# Canon RF 100-500mm review by Fro



## Chaitanya (Nov 7, 2020)

Jared Polin posted his review of RF 100-500mm lens.


----------



## YuengLinger (Nov 7, 2020)

Thanks, Chaitanya. Been looking for ANY new reviews of this lens.


----------



## navastronia (Nov 7, 2020)

I would love to have one of these. It would be such a luxury to feel like I could shoot 99% of distant outdoor scenes with just one lens. The samples impress me and if I can afford one in a couple years, I will gladly pick one up.


----------



## AlanF (Nov 7, 2020)

YuengLinger said:


> Thanks, Chaitanya. Been looking for ANY new reviews of this lens.


Any review but from him.


----------



## Joules (Nov 7, 2020)

AlanF said:


> Any review but from him.


It is a matter of taste, but I couldn't get past his notions that the tripod mount is useless for most folks and that he can't think of a situation where you'd manually focus the lens. And what was that about pointing out the zoom creep ... then pointing out the stiffness adjustement for the zoom ring ... and not pointing out any connection between the two?


----------



## YuengLinger (Nov 7, 2020)

Joules said:


> It is a matter of taste, but I couldn't get past his notions that the tripod mount is useless for most folks and that he can't think of a situation where you'd manually focus the lens. And what was that about pointing out the zoom creep ... then pointing out the stiffness adjustement for the zoom ring ... and not pointing out any connection between the two?
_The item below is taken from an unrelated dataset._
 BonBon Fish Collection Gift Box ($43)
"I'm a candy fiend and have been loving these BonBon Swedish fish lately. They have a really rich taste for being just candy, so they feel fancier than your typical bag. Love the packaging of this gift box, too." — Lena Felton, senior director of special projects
What's recreationally legal in his state?


----------



## usern4cr (Nov 7, 2020)

AlanF said:


> Any review but from him.


What's wrong with Jared Polin?


----------



## AlanF (Nov 8, 2020)

usern4cr said:


> What's wrong with Jared Polin?


I don’t know what’s wrong with him. I don’t like his reviews.


----------



## Chaitanya (Nov 8, 2020)

AlanF said:


> Any review but from him.


Cameralabs has also done a comprehensive review of this lens earlier and they even tested teleconvertors with this lens which Fro seems to have missed out.
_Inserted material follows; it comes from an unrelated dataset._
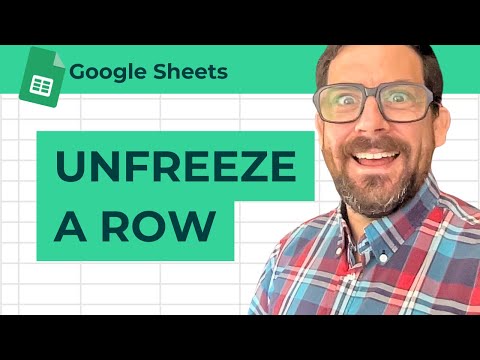 How to UnFreeze a Row in Google Sheets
Canon RF 100-500mm f4.5-7.1L review | Cameralabs







www.cameralabs.com


----------



## YuengLinger (Nov 8, 2020)

Chaitanya said:


> Cameralabs has also done a comprehensive review of this lens earlier and they even tested teleconvertors with this lens which Fro seems to have missed out.
> 
> 
> 
> ...


I definitely agree with this: "There’s lots of options, although I’d love it if Canon also considers producing a more affordable 200-600 model like Sony in the future as that’s a great length for sports and wildlife."


----------



## stevelee (Nov 8, 2020)

That was one of his most annoying videos. He rants on about not using a tripod or focusing manually or filters. But with a bit of patience, one can glean helpful information about the lens performance.


----------